**LISTED RECORDS:**
□ □ □ □

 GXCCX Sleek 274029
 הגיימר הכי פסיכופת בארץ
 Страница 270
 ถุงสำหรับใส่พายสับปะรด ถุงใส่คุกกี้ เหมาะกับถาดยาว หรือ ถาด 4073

□ □ □ □

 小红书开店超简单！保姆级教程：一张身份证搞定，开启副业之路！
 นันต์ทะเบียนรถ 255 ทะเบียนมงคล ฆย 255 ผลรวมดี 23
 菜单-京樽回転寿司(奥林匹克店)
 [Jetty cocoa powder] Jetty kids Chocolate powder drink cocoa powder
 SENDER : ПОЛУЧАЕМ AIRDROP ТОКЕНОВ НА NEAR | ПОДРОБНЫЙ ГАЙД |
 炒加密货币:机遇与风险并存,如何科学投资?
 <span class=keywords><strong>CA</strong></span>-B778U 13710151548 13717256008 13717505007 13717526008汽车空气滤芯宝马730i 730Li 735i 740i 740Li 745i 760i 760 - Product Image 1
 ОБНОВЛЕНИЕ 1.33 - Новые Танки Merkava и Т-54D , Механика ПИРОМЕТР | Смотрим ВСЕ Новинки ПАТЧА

□ □ □ □

**WHAT TO DO:** Using only the listing above, restate exactly the lines from the line containing "นันต์ทะเบียนรถ 255 ทะเบียนมงคล" through the line containing "Product Image 1", both included.

**OUTPUT BELOW:**
 นันต์ทะเบียนรถ 255 ทะเบียนมงคล ฆย 255 ผลรวมดี 23
 菜单-京樽回転寿司(奥林匹克店)
 [Jetty cocoa powder] Jetty kids Chocolate powder drink cocoa powder
 SENDER : ПОЛУЧАЕМ AIRDROP ТОКЕНОВ НА NEAR | ПОДРОБНЫЙ ГАЙД |
 炒加密货币:机遇与风险并存,如何科学投资?
 <span class=keywords><strong>CA</strong></span>-B778U 13710151548 13717256008 13717505007 13717526008汽车空气滤芯宝马730i 730Li 735i 740i 740Li 745i 760i 760 - Product Image 1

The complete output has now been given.